== Source data ==

┌────────

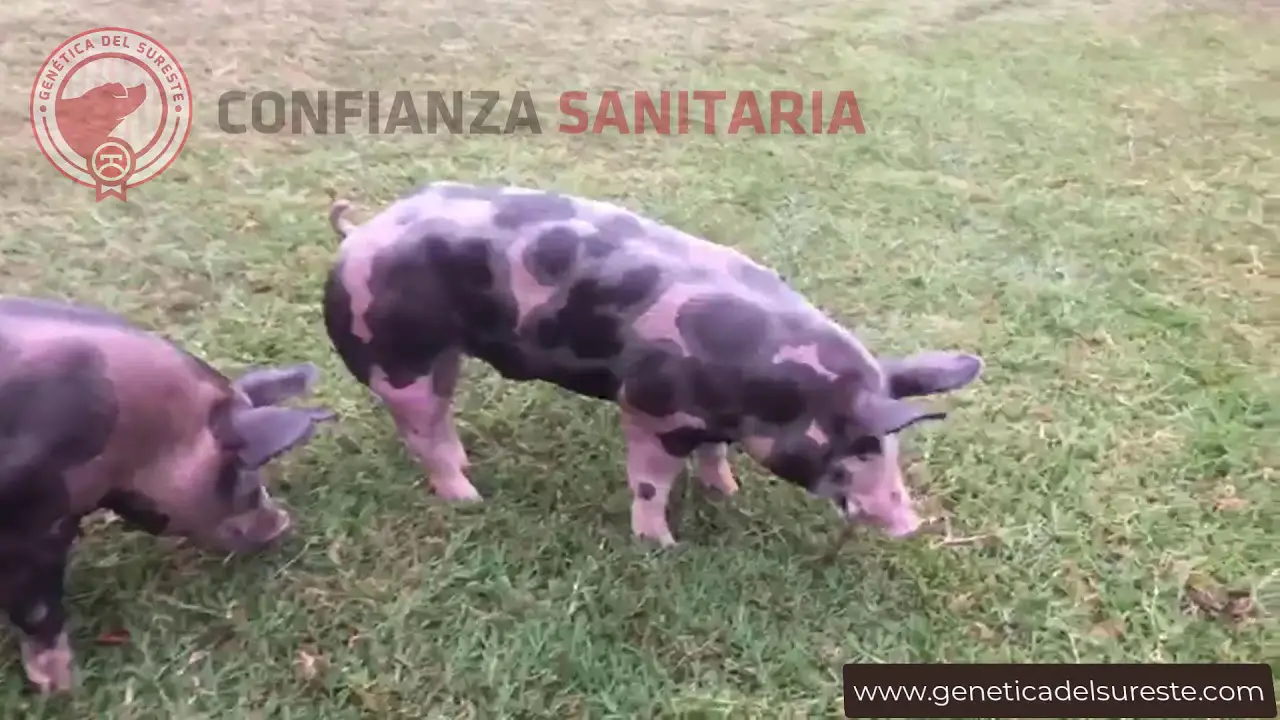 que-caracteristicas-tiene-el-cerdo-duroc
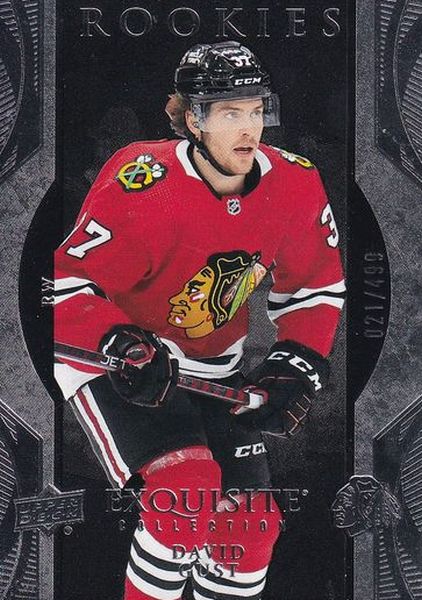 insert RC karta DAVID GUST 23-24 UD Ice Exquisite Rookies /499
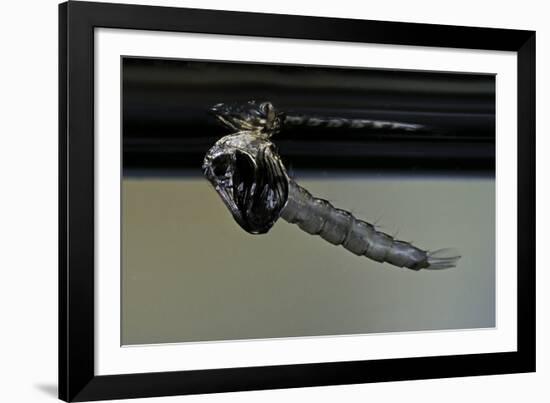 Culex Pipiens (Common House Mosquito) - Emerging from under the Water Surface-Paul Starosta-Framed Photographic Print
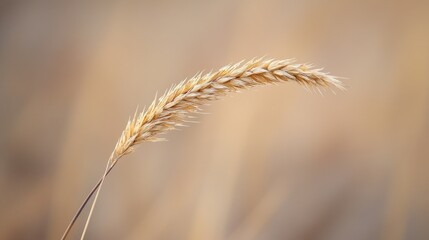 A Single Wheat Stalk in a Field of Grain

└────────
┌────────

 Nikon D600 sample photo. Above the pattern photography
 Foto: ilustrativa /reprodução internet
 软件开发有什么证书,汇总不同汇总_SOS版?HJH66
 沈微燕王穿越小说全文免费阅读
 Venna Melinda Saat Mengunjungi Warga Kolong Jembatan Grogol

└────────
┌────────

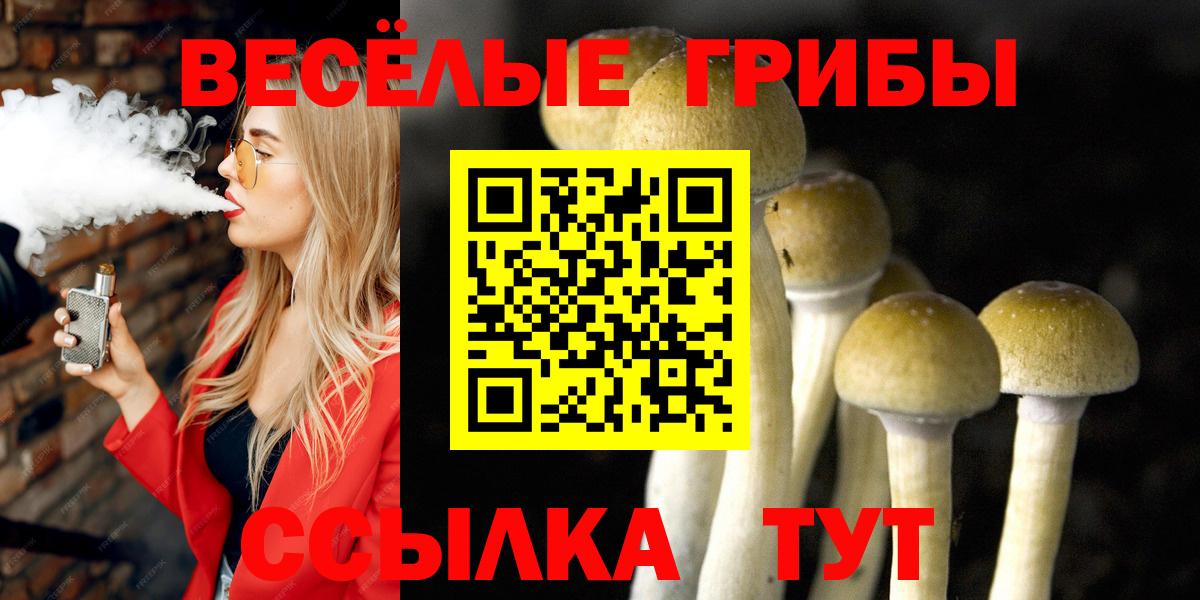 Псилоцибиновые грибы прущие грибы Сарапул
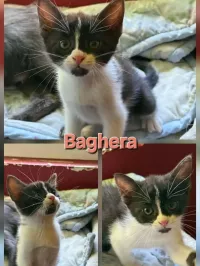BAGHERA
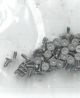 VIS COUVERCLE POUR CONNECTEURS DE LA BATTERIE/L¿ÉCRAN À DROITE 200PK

└────────

== What to work on ==
Would you set down only the lines above from the line with "que-caracteristicas-tiene-el-cerdo-duroc" to the line with "A Single Wheat Stalk in a Field of Grain", both included, exactly as they stand and without the pictures?

== Finished task ==
 que-caracteristicas-tiene-el-cerdo-duroc
 insert RC karta DAVID GUST 23-24 UD Ice Exquisite Rookies /499
 Culex Pipiens (Common House Mosquito) - Emerging from under the Water Surface-Paul Starosta-Framed Photographic Print
 A Single Wheat Stalk in a Field of Grain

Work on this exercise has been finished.